The unbearable thing about living is not so much being but being oneself. God put billions of us into the world and gave us all, as a joke, our own life and morals. The universe never planned on me, or you, only some specimens based on the original model. Like a car, each made of the same essential central engineering. The only difference being the license plate. For a human, the license plate is their face, the accidental and unrepeatable accumulation and assortment of features which reflects neither character nor soul.
My face is a particularly ratty one, with big yellowish teeth.
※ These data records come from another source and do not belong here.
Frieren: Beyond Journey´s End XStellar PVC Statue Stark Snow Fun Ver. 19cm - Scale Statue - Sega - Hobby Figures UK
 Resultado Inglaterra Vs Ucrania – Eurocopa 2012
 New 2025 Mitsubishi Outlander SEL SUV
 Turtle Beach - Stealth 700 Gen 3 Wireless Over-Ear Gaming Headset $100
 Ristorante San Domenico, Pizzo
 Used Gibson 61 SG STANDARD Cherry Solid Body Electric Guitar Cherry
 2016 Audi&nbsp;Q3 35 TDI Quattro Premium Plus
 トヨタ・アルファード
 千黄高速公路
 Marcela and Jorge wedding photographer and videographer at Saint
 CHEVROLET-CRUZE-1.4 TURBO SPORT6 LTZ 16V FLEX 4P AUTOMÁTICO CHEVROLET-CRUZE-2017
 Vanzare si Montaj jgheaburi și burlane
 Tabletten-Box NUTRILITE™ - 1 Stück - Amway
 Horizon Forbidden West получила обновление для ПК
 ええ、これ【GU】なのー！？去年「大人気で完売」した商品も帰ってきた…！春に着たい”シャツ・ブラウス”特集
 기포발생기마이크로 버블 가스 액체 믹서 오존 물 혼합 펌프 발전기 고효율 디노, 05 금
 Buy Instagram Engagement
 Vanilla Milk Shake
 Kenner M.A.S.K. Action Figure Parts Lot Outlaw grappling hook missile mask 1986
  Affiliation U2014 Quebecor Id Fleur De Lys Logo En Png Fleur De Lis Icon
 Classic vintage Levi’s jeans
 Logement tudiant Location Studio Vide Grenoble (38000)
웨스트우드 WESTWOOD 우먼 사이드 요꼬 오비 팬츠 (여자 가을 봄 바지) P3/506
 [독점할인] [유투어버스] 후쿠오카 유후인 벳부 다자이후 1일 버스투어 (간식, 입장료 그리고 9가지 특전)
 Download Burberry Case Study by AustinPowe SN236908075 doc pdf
My eyes are quick and clever, like a rat's, and my ears are slightly pointed at the top. The few hairs left on my scalp are grey, again, like that of a rat, and when I am not in costume, my clothes are usually of a similar color.
Everyday for the past fifty-something years I’ve analyzed my visage through my small tabletop mirror, referring, with some slight aesthetic modifications, that very rodent face back onto a canvas. Throughout my years as a professional artist I have painted some twelve-thousand works. Despite the monotony, I can’t say I love it any less than the first time I picked up a brush. There is a constancy to it that is extremely comforting to a person of routine and habit such as myself. I wake up early every morning, at precisely five-thirty, and make myself a strong cup of coffee. No sugar, no milk. As soon as the sun is up I go on my usual walk through the woods behind the house. I have done this for sixty years and at the age of eighty-eight, I can say it has done me some good. There's nothing like regularity for maintaining one's peace of mind. Whenever I am forced to exclude or exchange something out of my routine, such as with bad weather, it causes a certain upheaval within my body, like a new bird in a cage of canaries.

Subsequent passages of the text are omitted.